In general I do not want that the backup router/DHCP server is assigning addresses to devices, I set the delay threshold to 10 seconds. This did not work properly, some of the addresses had been assigned from the backup server reaching the internet over the backup line. Even increasing the delay threshold to 1 minute does not properly work. There are still addresses assigned from the backup router.
How can I make that the backup router provides only addresses in case the main router does not respond to the requests? Delay threshold is not working.
thanks for the quick answers!
according your points:
I have no vlans in my setup, or I am misunderstanding your answer
This I will work on (idea is to ping the master router, once not reachable the backup router will switch on the DHCP-server, which I will disable while the master-router is pingable)
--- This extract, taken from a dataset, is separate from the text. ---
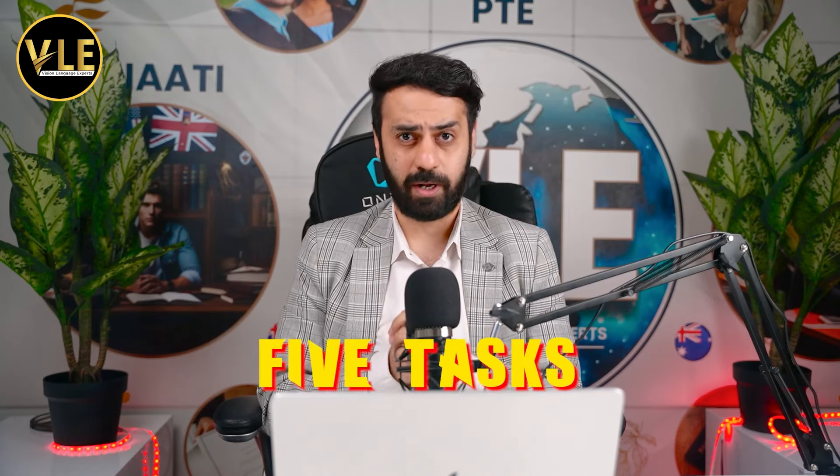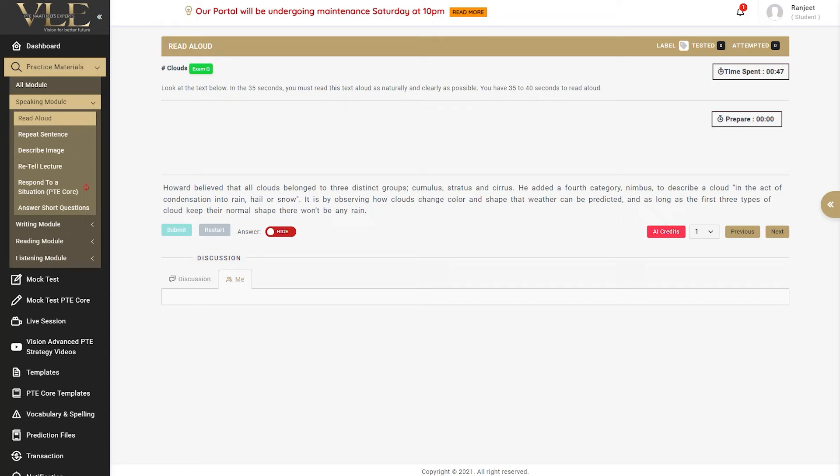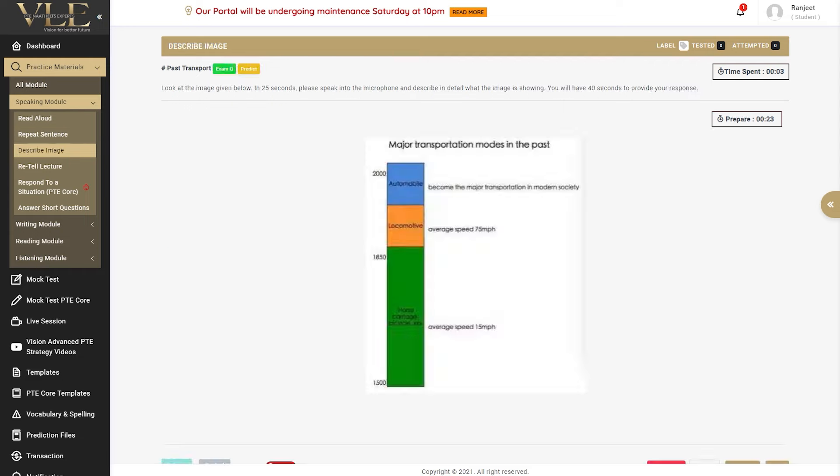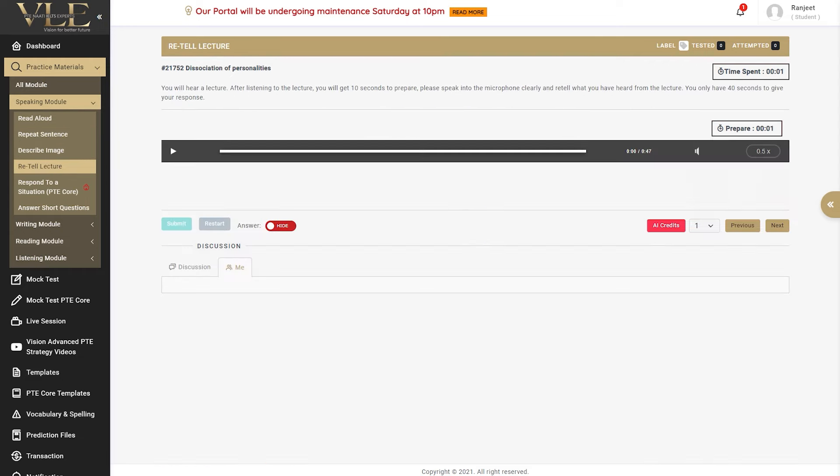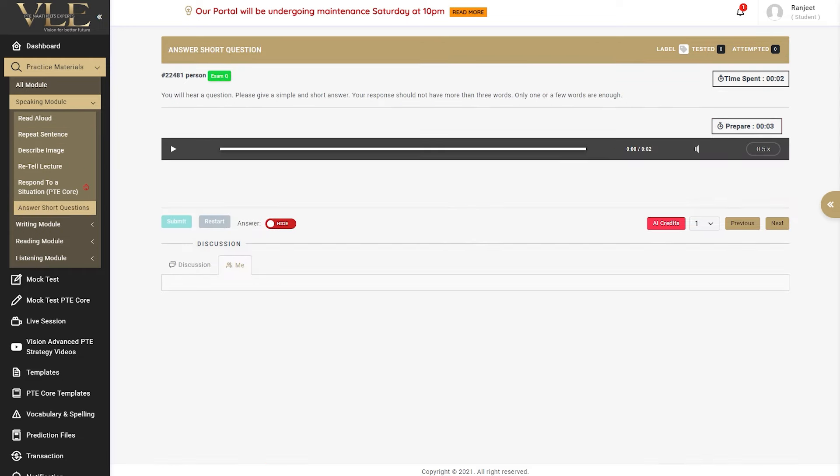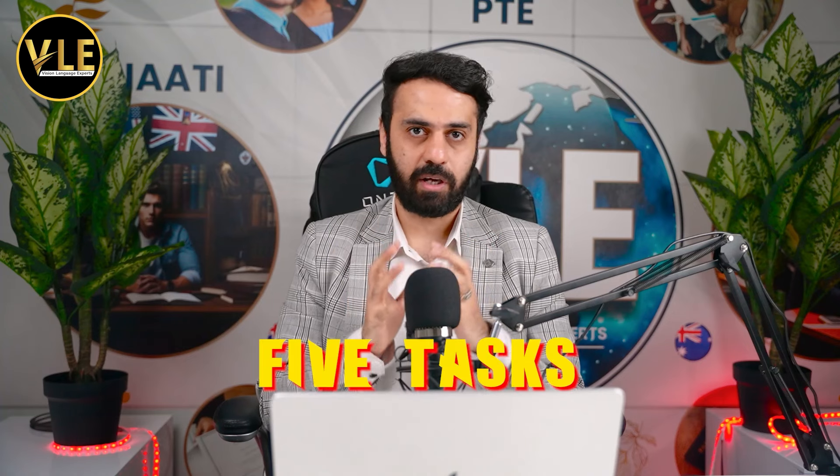Now let's talk about the speaking module. In the speaking module we have five tasks: read aloud, repeat sentences, describe image, re-tell a lecture, and answer short questions. These five tasks are very crucial because they give marks towards speaking, reading, and listening.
3 and 4) This is already done manually
according your PS: Is there no possibility to have a backup DHCP-server in standby, which get’s active when the main one is out of order? This is what I understood I can handle easily with the Delay Threshold.
My setup is looking like this (hopefully my ascii art is readable):
Internet
|
+----------------+--------------+
| |
Main router Backup router
(10.1.1.1) (10.1.1.2)
| |
+ ---------------+--------------+
|
network
(10.1.x.x)
If you want only the DHCP server feature on your backup router and have only one subnet then maybe it would be easier to add (on backup router) simple Netwatch rule looking at 10.1.1.1 and enabling DHCP server when it’s down (and disable it when it’s up). Not the “cutest” solution, but simple.
I have found that if you set the dhcp server to use the vrrp interface, instead of the actual interface, then the dhcp server is automatically enabled/disabled with the vrrp interface itself getting enabled/disabled.